## Instructions to follow
Each line of the data has to be written out again exactly as shown.
═══ Data for processing ═══
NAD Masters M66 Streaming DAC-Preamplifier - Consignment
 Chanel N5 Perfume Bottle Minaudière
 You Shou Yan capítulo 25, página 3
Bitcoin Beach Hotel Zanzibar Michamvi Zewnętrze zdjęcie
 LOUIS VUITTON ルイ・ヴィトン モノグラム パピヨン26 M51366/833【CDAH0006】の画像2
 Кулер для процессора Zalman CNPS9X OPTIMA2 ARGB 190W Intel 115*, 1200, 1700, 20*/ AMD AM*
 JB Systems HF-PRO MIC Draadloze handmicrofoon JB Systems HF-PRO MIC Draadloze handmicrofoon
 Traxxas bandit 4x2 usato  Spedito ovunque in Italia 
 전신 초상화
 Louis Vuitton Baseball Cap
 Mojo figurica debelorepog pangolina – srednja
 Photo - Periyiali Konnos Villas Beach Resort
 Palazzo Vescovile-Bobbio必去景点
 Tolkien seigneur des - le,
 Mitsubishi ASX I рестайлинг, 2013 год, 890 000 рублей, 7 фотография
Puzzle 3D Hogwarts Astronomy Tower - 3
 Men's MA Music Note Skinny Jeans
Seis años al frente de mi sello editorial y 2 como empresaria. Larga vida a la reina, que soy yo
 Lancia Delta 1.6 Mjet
═══
## Answer box
NAD Masters M66 Streaming DAC-Preamplifier - Consignment
 Chanel N5 Perfume Bottle Minaudière
 You Shou Yan capítulo 25, página 3
Bitcoin Beach Hotel Zanzibar Michamvi Zewnętrze zdjęcie
 LOUIS VUITTON ルイ・ヴィトン モノグラム パピヨン26 M51366/833【CDAH0006】の画像2
 Кулер для процессора Zalman CNPS9X OPTIMA2 ARGB 190W Intel 115*, 1200, 1700, 20*/ AMD AM*
 JB Systems HF-PRO MIC Draadloze handmicrofoon JB Systems HF-PRO MIC Draadloze handmicrofoon
 Traxxas bandit 4x2 usato  Spedito ovunque in Italia 
 전신 초상화
 Louis Vuitton Baseball Cap
 Mojo figurica debelorepog pangolina – srednja
 Photo - Periyiali Konnos Villas Beach Resort
 Palazzo Vescovile-Bobbio必去景点
 Tolkien seigneur des - le,
 Mitsubishi ASX I рестайлинг, 2013 год, 890 000 рублей, 7 фотография
Puzzle 3D Hogwarts Astronomy Tower - 3
 Men's MA Music Note Skinny Jeans
Seis años al frente de mi sello editorial y 2 como empresaria. Larga vida a la reina, que soy yo
 Lancia Delta 1.6 Mjet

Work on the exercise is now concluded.